Rep. Erich Ponti made a substitute motion after the close to defer voluntarily. That passed 14-3.
25 April 2015
Bill filing ended this week, causing some additions to the list of good and bad bills:
THE GOOD: HB 788 by Rep. Jay Morris would create a flat individual tax and remove individual tax exceptions; HB 795 by Rep. Jim Fannin would attenuate the Motion Picture Investor Tax Credit (similar bill: HB 829); HB 827 by Rep. Cameron Henry would phase out corporate income taxes; HB 828 by Henry would phase out the corporate franchise tax.
THE BAD: HB 792 by Rep. Julie Stokes would increase taxes of a wasting kind but shunt the proceeds of this to prop up recurring expenses (similar bill: HB 794); HB 811 by Rep. Ebony Woodruff would create a needless tax; HB 820 by Rep. Sam Jones would discourage donations to schools; HB 825 by Rep. Taylor Barras would end up passing through taxes to owners that occasionally and episodically rent property; HB 831 by Morris would reduce spending flexibility; HB 832 by Rep. Tim Burns would expand spending on the Motion Picture Investor Tax Credit; SB 275 by Sen. Danny Martiny would reduce budgetary flexibility.
22 April 2015
DID YOU KNOW?
HB 290 by Rep. Barbara Norton would extend time available for voting if there is a delay of at least 15 minutes at the beginning the voting day. She told the House and Governmental Affairs Committee that a kind of delay like that constitutes a denial of the right to vote, and it was not unreasonable to hold polls open later for this. She also curiously said the bill was somewhat internal contradictory.

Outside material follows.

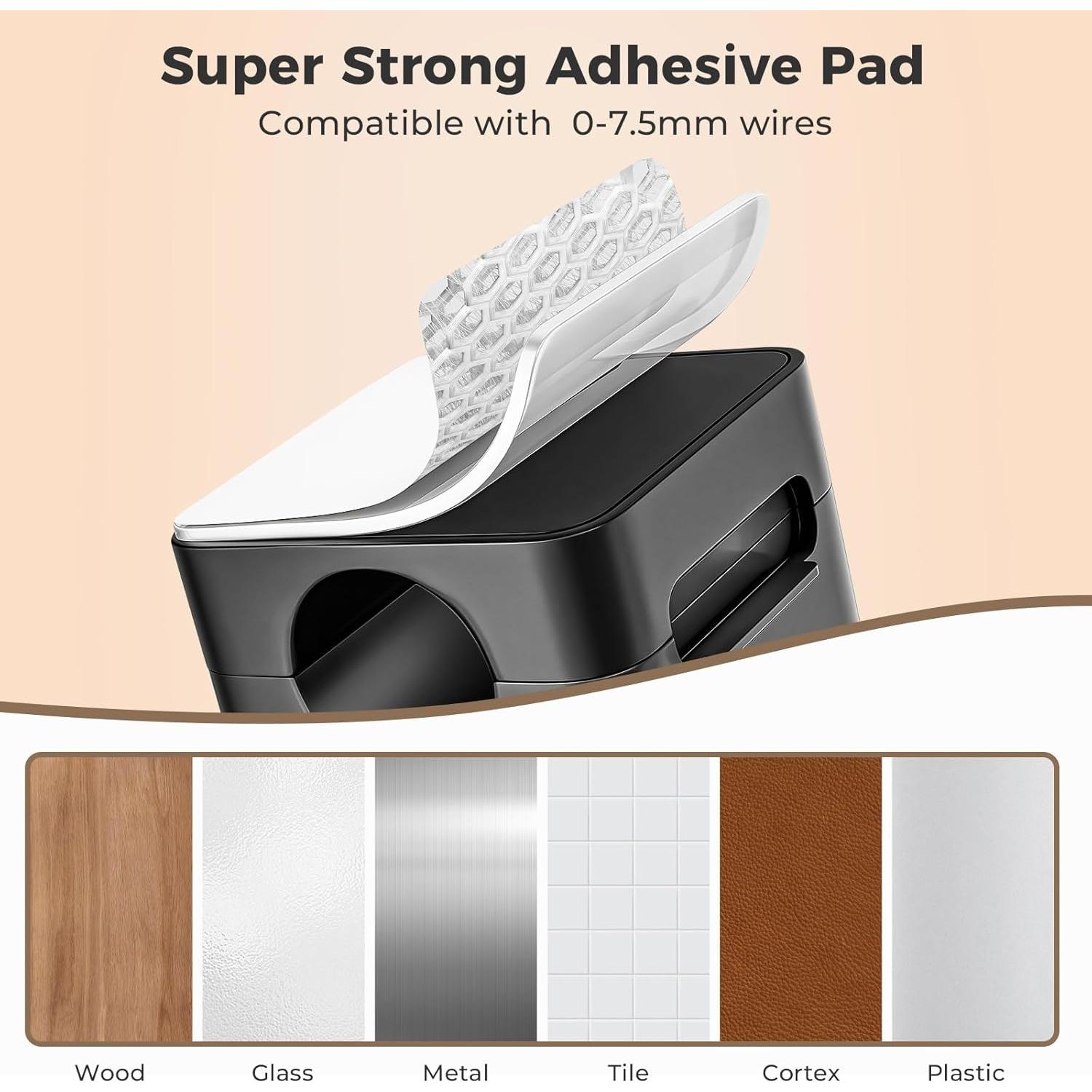 Organizadores de Cables Magnéticos ROYSC - Paquete de 8 Clips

Rep. Steve Pugh said with early voting extension, there really was no excuse not to vote, and that if polls opened late, there was no guarantee those who did not vote early could vote later in the day. Norton said regardless that not voting early in the day because polls opened late for some reason this was denial of voting for people.
Rep. Mike Danahay wondered whether those reporting were mistaken in that all but federal elections start at 7 AM and that machines were delivered the night before. Norton said in the instance she knew, it was a congressional election and machines were delivered to the wrong address. He also pointed out anybody in line at closing time 8 PM are allowed to vote. Norton said people’s schedule might not permit them to come by then. She said it was illegitimate to ask people to come back later.
18 April 2015
First, while few new bills were introduced, almost all of them cracked the lists here:
THE GOOD: HB 779 by Rep. Erich Ponti would scale back further solar energy tax credits before their demise.
12 April 2015
Welcome as the Louisiana Legislature Log enters its second decade of service. It’s an election year, so anything can happen as far as legislation. And so with the prefiled versions we take a look at the good, the bad, and the ugly.